## EXERCISE BRIEF
Look for "312x300mm - Fekete" in the entries below. Then write out exactly the line that holds it and every line after it, to the last, and nothing else.

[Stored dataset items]
►

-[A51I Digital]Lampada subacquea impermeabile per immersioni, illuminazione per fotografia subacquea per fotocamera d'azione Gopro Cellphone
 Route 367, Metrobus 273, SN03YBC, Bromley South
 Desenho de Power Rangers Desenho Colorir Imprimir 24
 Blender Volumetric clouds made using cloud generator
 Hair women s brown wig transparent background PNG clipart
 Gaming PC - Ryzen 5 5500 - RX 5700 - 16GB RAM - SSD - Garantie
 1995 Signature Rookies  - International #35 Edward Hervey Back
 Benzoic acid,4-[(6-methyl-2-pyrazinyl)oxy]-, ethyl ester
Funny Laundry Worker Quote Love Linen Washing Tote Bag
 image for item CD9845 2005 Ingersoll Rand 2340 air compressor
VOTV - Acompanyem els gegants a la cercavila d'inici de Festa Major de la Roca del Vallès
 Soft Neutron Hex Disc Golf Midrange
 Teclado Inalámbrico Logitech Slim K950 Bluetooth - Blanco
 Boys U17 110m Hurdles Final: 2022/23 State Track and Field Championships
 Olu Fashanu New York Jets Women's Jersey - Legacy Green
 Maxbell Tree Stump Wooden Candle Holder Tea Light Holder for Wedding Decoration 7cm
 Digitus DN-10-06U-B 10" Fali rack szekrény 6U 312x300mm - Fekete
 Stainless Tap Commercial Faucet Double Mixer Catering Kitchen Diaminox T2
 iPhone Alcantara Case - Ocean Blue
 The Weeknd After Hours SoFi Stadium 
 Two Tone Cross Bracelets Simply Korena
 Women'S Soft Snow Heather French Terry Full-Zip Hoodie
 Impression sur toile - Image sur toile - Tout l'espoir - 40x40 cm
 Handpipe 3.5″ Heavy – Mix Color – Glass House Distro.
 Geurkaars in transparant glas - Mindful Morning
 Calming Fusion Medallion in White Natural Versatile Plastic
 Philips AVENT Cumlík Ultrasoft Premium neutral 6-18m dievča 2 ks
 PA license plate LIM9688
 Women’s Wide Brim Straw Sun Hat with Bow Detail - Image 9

◄

## REPLY TO THE TASK
 Digitus DN-10-06U-B 10" Fali rack szekrény 6U 312x300mm - Fekete
 Stainless Tap Commercial Faucet Double Mixer Catering Kitchen Diaminox T2
 iPhone Alcantara Case - Ocean Blue
 The Weeknd After Hours SoFi Stadium 
 Two Tone Cross Bracelets Simply Korena
 Women'S Soft Snow Heather French Terry Full-Zip Hoodie
 Impression sur toile - Image sur toile - Tout l'espoir - 40x40 cm
 Handpipe 3.5″ Heavy – Mix Color – Glass House Distro.
 Geurkaars in transparant glas - Mindful Morning
 Calming Fusion Medallion in White Natural Versatile Plastic
 Philips AVENT Cumlík Ultrasoft Premium neutral 6-18m dievča 2 ks
 PA license plate LIM9688
 Women’s Wide Brim Straw Sun Hat with Bow Detail - Image 9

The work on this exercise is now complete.